CIIS Anthropology and Social Change Visiting Scholars Series

The Obsession of the Turkish State with the Kurds This presentation will outline the Kurdish movement in Turkey and address the obsession of the Turkish state with Kurds by focusing on visual material. I will claim that the deep psychic attachment of the Turkish state to the figure of the Kurd stem from the fact that the state cannot otherize him/her since in the Turkish polity there is no place for the other. In order to recognize a group as the “other” we need to think of it as having desire. However, notwithstanding certain brief intervals when the question was asked “what do the Kurds want” albeit with negative connotations, the Turkish state and the public have not been interested in the desire of Kurds. Rather the Turkish state has been obsessed with annihilating the capacity of Kurds to experience desire, joy and fantasy. A related argument the presentation makes is that by binding Turkish citizens to this aim, the Turkish state rules not only over Turkish citizens behaviors but also their unconscious drives.
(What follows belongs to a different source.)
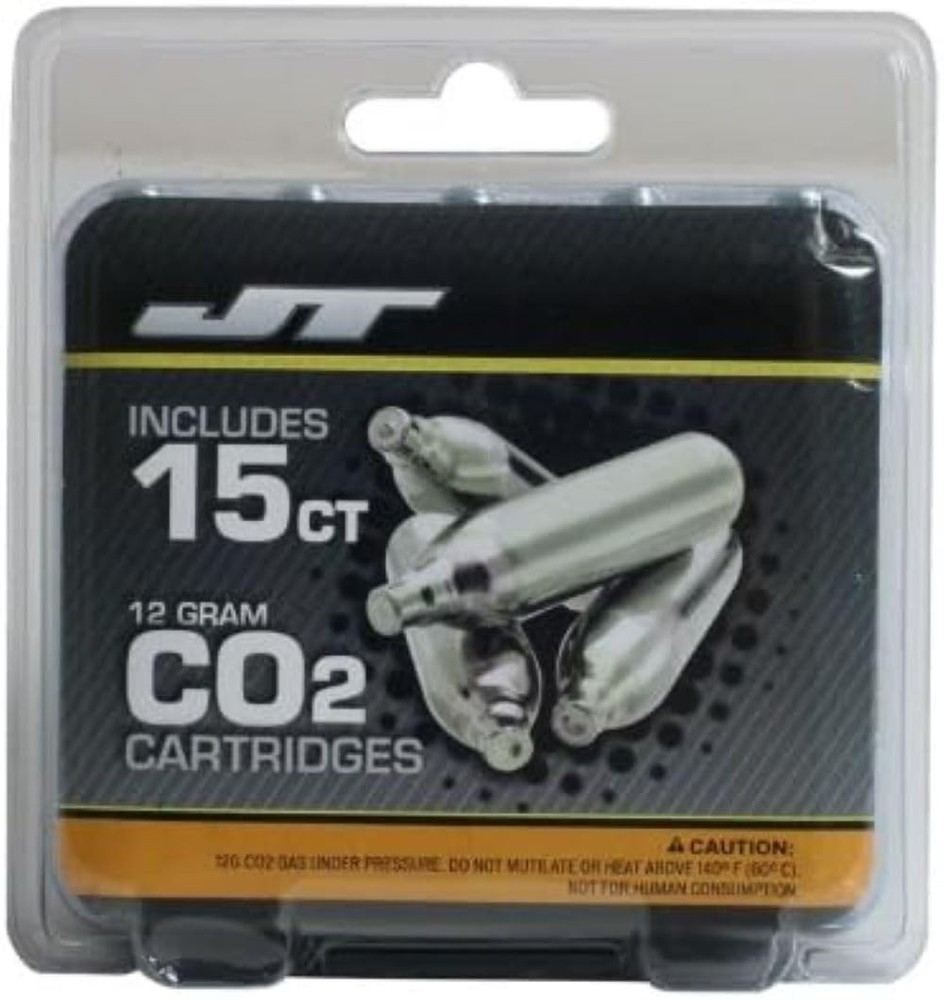 12gram CO2 Cartridges - 15ct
Universalism and the Human in the Kurdish Women’s Movement In recent years there has been a revival of the idea of universalism and a reengagement with the concept of “the human” grounded in the struggles and thought of the South. This presentation aims at joining these discussions on “the human” and “the universal,” and thereby contributing to the development of theories from the South by focusing on the knowledge Kurdish Women’s Freedom Movement has produced. Its further goal is to show what the decolonization of truth, freedom and being entails in the practices of the Kurdish Women’s Freedom Movement, which struggles both against the patriarchy of the Kurdish society and the colonization of Kurdistan by the Turkish, Iranian, Iraqi and Syrian states. I argue that the human and the universal in the Kurdish Women’s Freedom Movement are open categories that are collectively practiced by transgressing what we already are and have been, and by being inspired by our local heritage as well as the heritage of the world crafted in resistance. Decolonizing freedom, truth and being in this context is not so much a return to an original culture before colonization, as much as an exploration of new laws and norms according to which we can live, constituted by collective reflection and action.